How not to do a basement extension

http://www.standard.co.uk/news/london/couples-house-cracks-in-half-before-collapsing-because-of-botched-basement-dig-10109942.html
Part quote:
"Mr Goldswain, 40, and Miss Hale, 39, were extending the property in Finchley in November 2012, a year after buying it. But the builders failed to support the structure correctly and two months into the work it began to crack.
Disaster struck on November 24 when the gaps began to widen following a storm. Miss Hale said: “The day it all happened was like something out of a disaster movie. It was like an earthquake had hit. You could see the cracks widening by the second and the house splitting apart.”
The couple had seen half-centimetre cracks in the brickwork and called their builders, AIMS Plumbing & Heating Limited, who came round to inspect. She said the builder had “looked a bit worried” and put up some scaffolding between their property and the adjoining house. Shortly afterwards their upstairs neighbour told them cracks were widening in the walls."
I feel sorry for them - I do.
But I wonder how anyone could get into this position.
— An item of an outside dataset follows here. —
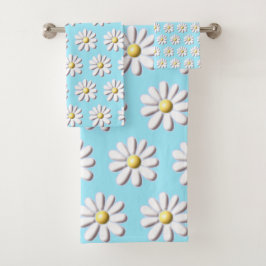 Conjunto De Toalhas 3D Daisy Flower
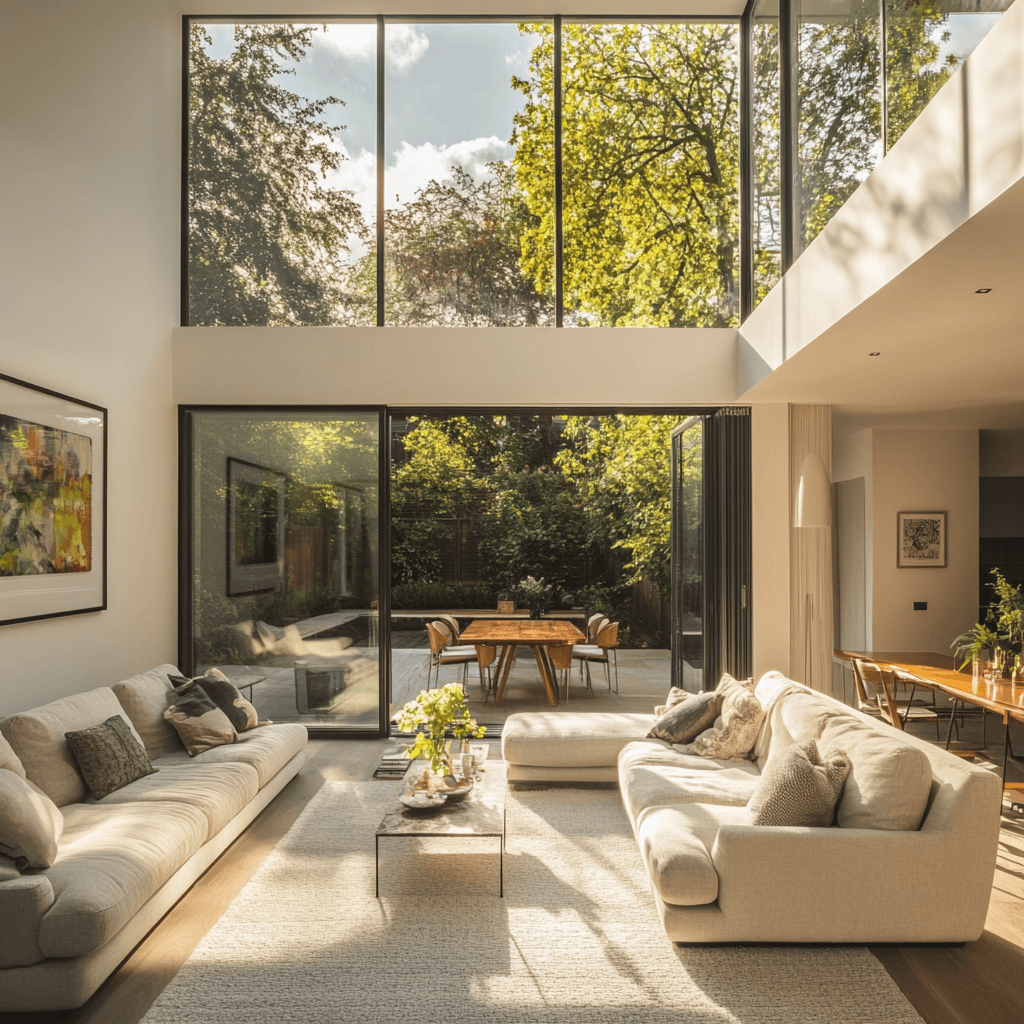 Bright and Airy Living Room Extension with Floor-to-Ceiling Windows Modern living room extension with large floor-to-ceiling windows.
The obvious mistakes seem to include:
1) Using a firm called "blah Plumbing and Heating" to do a seriously difficult structural modification.
2) Not makign sure there was liability and indemnity insurance in place and that it was current.
3) Was building control involved?
4) Because the BCO would likely have asked for a structural engineers report and calculations.
5) I'm going to assume the family's home insurance was voided because of irregularities with 1-4 - but if they'd phoned them in advance, the insurers would probably have made them check clerical safeguards were in place (like 2,3 and 4).
I don't trust random builders to do a doorway right without being watched like a hawk (personal experience). Certainly if I undertook work like this, I'd have the structural engineer engaged to manage the structural elements of the work and to inspect them himself.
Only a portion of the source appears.